▶ **Data block**
BEGIN

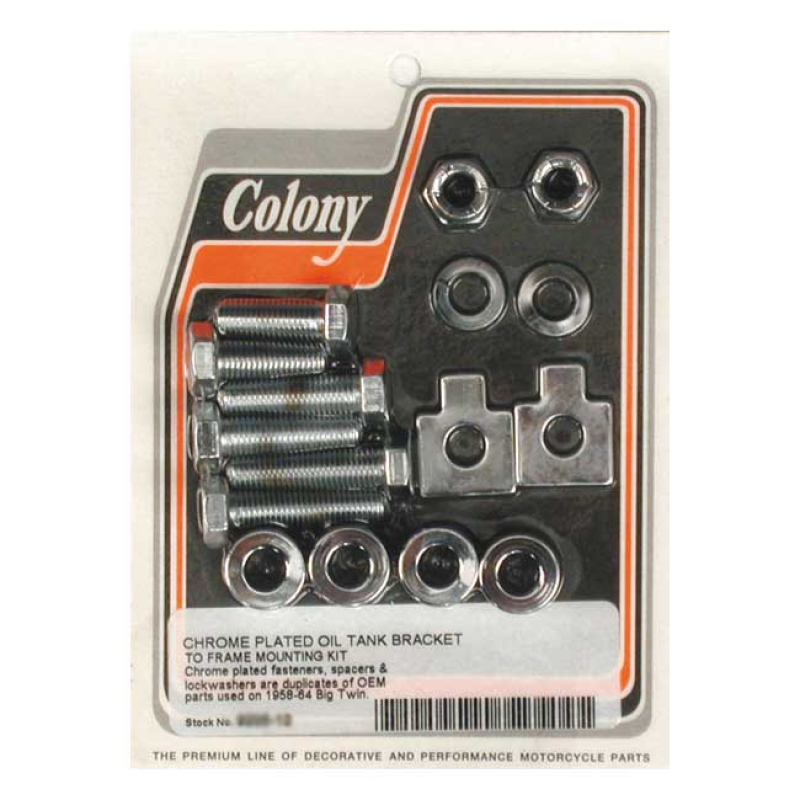 COLONY, OIL TANK MOUNT KIT. CHROME CHROME. REPRODUCTION OF THE ORIGINA 989508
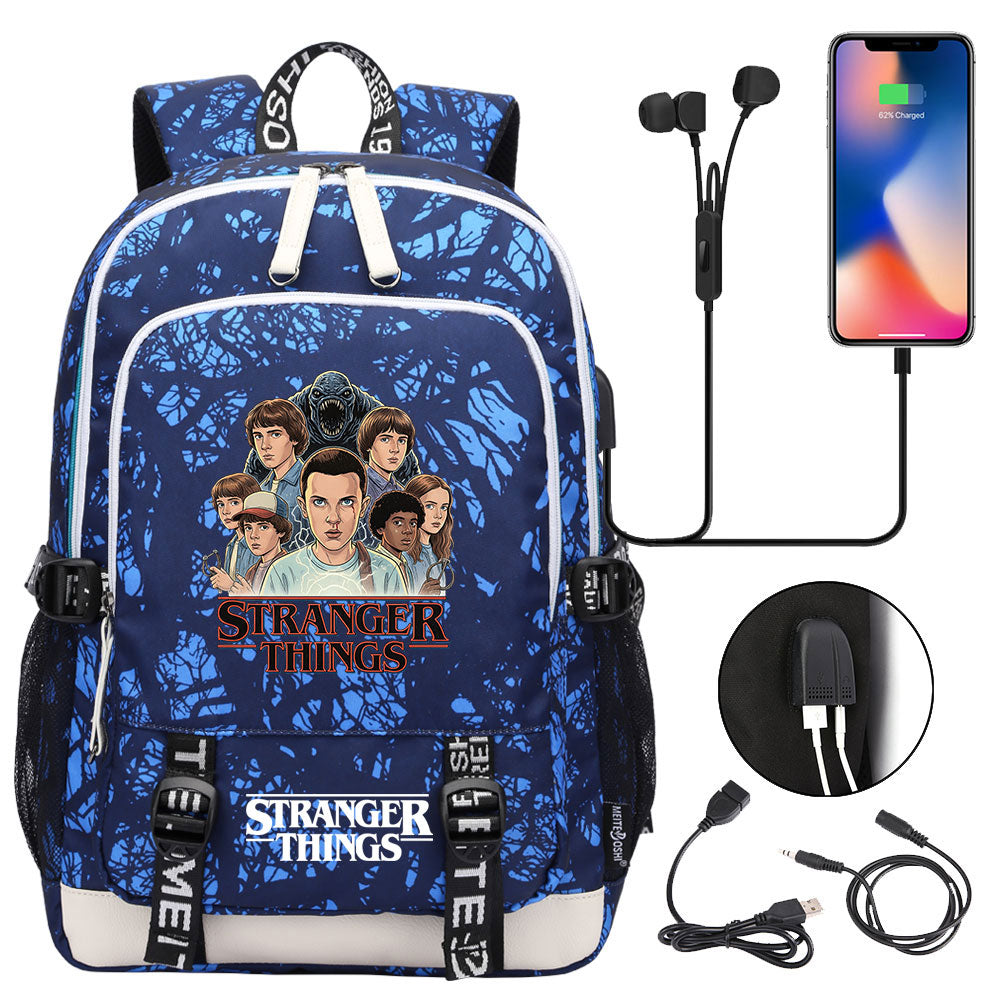 Strangers Things Hellfire Club USB Charging Backpack School Note Book Laptop Travel Bags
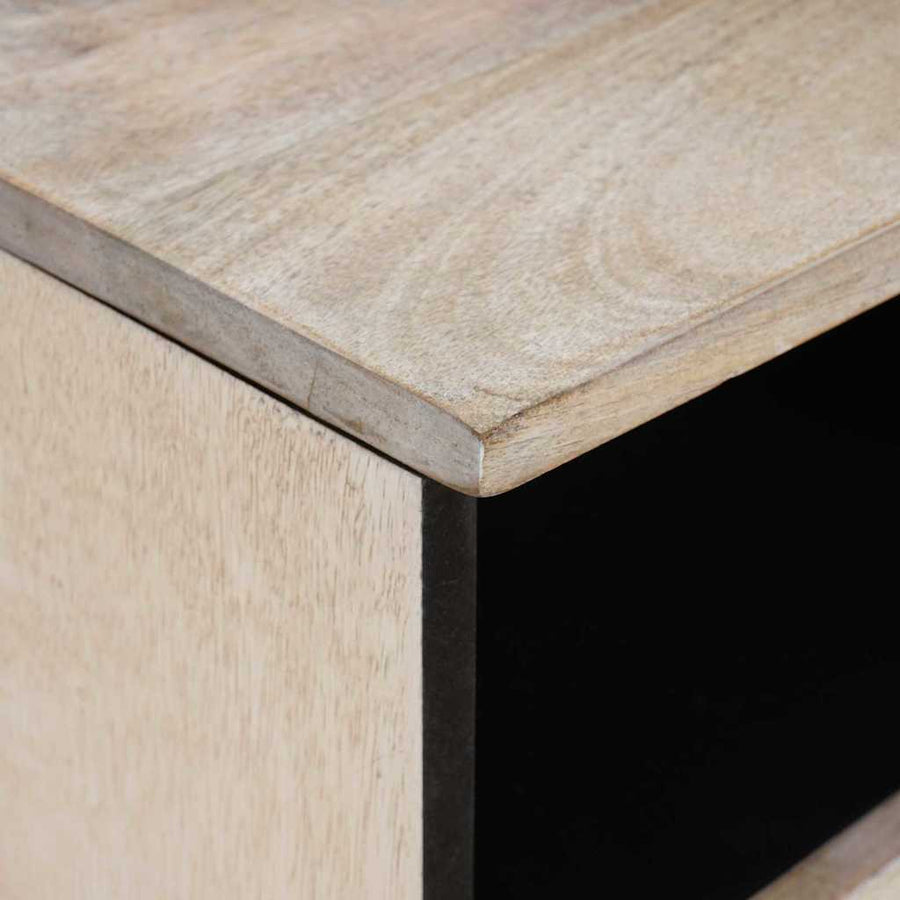 TV-kast met lade Wit 100 x 33 x 46 cm massief mangohout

END

Reproduce the listing in full and exactly, excluding any pictures it holds.

▶ **Exercise answer**
 COLONY, OIL TANK MOUNT KIT. CHROME CHROME. REPRODUCTION OF THE ORIGINA 989508
 Strangers Things Hellfire Club USB Charging Backpack School Note Book Laptop Travel Bags
 TV-kast met lade Wit 100 x 33 x 46 cm massief mangohout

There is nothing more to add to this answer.